Ask Paul: We're stood down, should we access super to buy property?
My husband and I are nearly 50 and were recently stood down from our jobs.
We have income from two rental properties ($3200 a month) and have $200,000 in savings.
My super is about $100,000 and my husband's is about $50,000.
Should we withdraw $20,000 each from super from the early release scheme this time around? And then should we buy another house for rental income? - Quyen
I am very sorry to hear that you and your husband have been stood down, Quyen. I hope that this situation resolves itself as the economy starts to recover.
That it will recover is, in my opinion, quite certain. But the timing is very uncertain. Based on all the uncertainty around us, I feel economic growth will take longer than we all hope.
What does cheer me up, though, is that you don't have to take money out of super to survive. If so, that would be fair enough, but you are looking to use the money to buy another property, so the debate we need to have is property versus super.
Here I am going to argue firmly that you should leave your money in super. This is for a few reasons.
First, I suspect that as well as your two rental properties you own a home, so you have most of your wealth tied up in property. Second, super gives you exposure to a great mix of assets, all over the planet.
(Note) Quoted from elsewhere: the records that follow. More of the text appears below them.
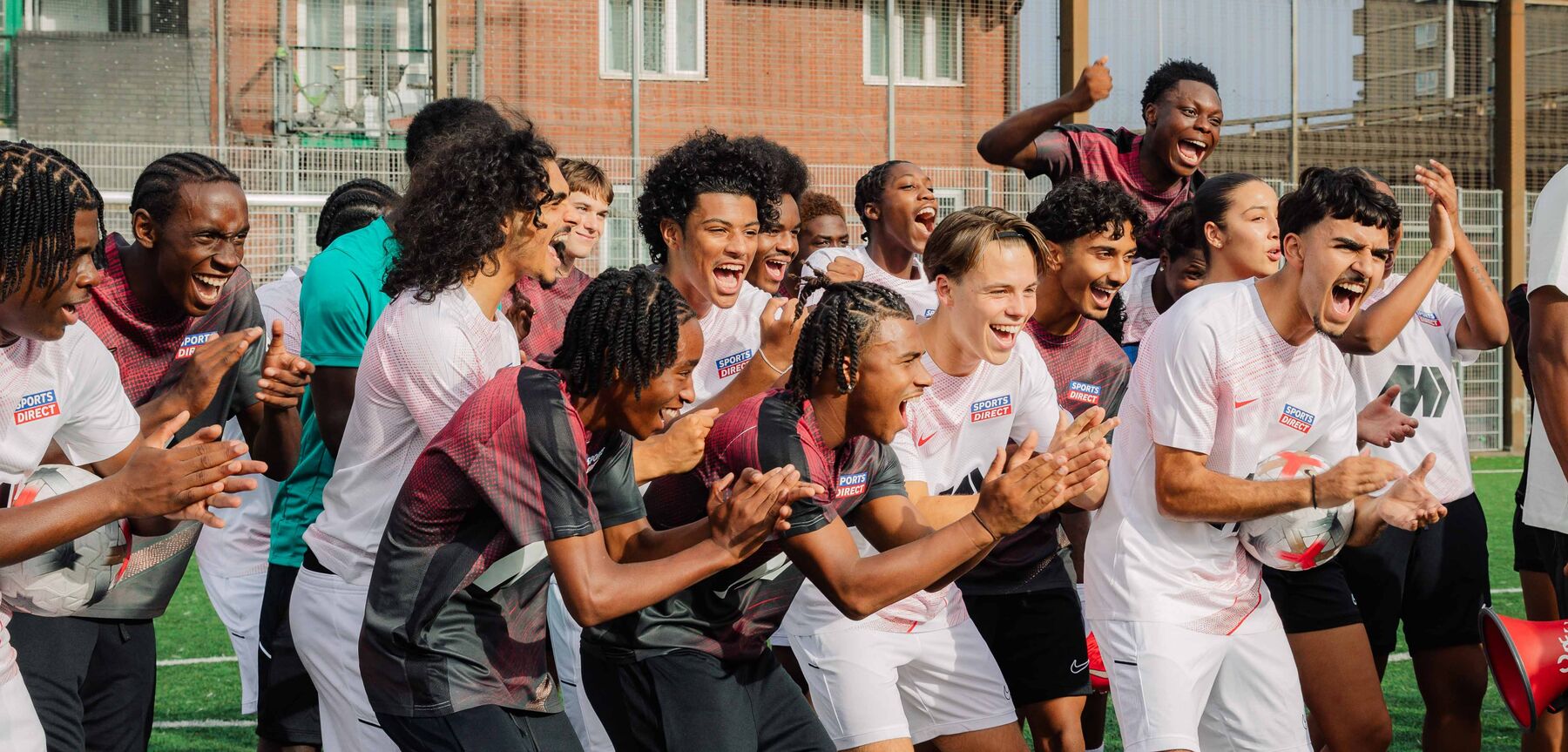 Players celebrating together on a grassroots pitch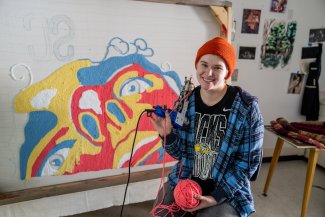 Savanna Vincent poses with an orange hat in front of colorful art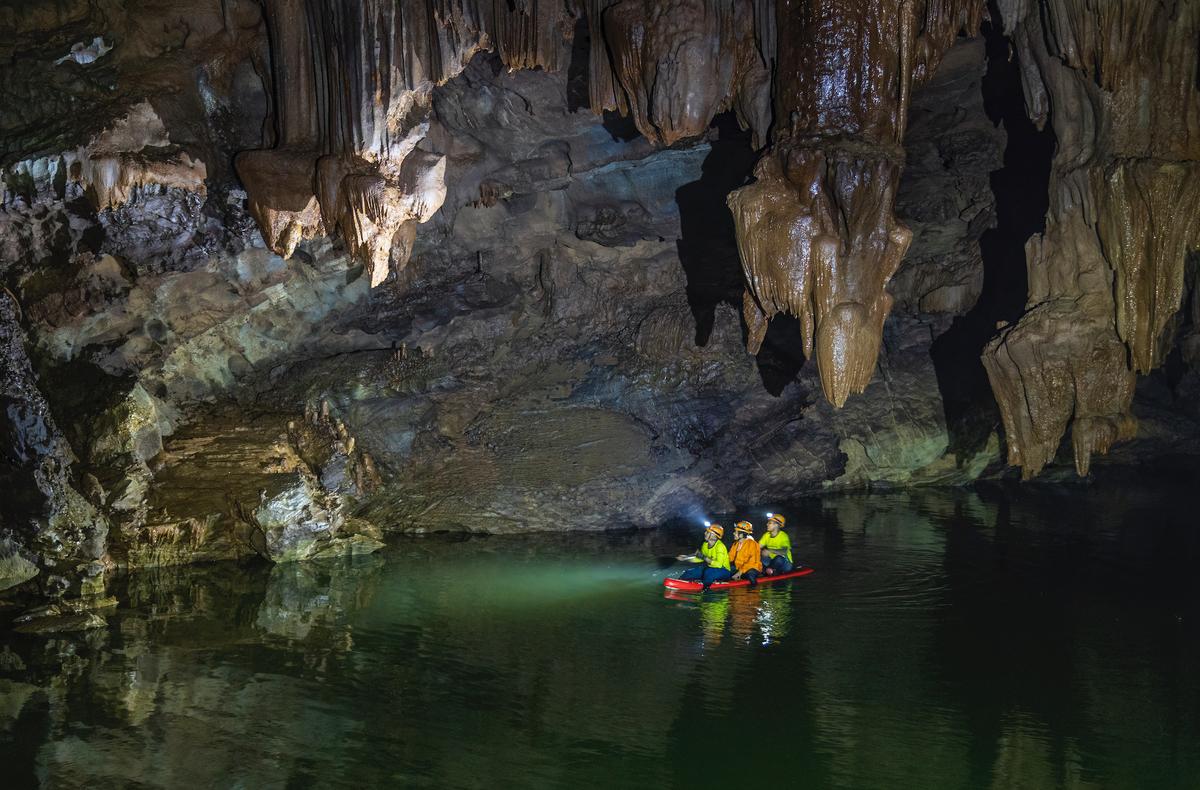Boaters inside Tron Cave. (Courtesy of Nguyen Hai via Jungle Boss Tours)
Finally, just look at super returns over the decades. A typical balanced fund has returned over 8%pa. And these returns are generated in a very low-tax environment
It is your money, so your choice. But I feel that super spreads your risk away from property. Property may well outperform super or super may outperform property.
That, however, is not the point.
I have no problem with quality property in a growth location as a long-term investment, but diversification is a key investment concept and I really would prefer you to spread your risk.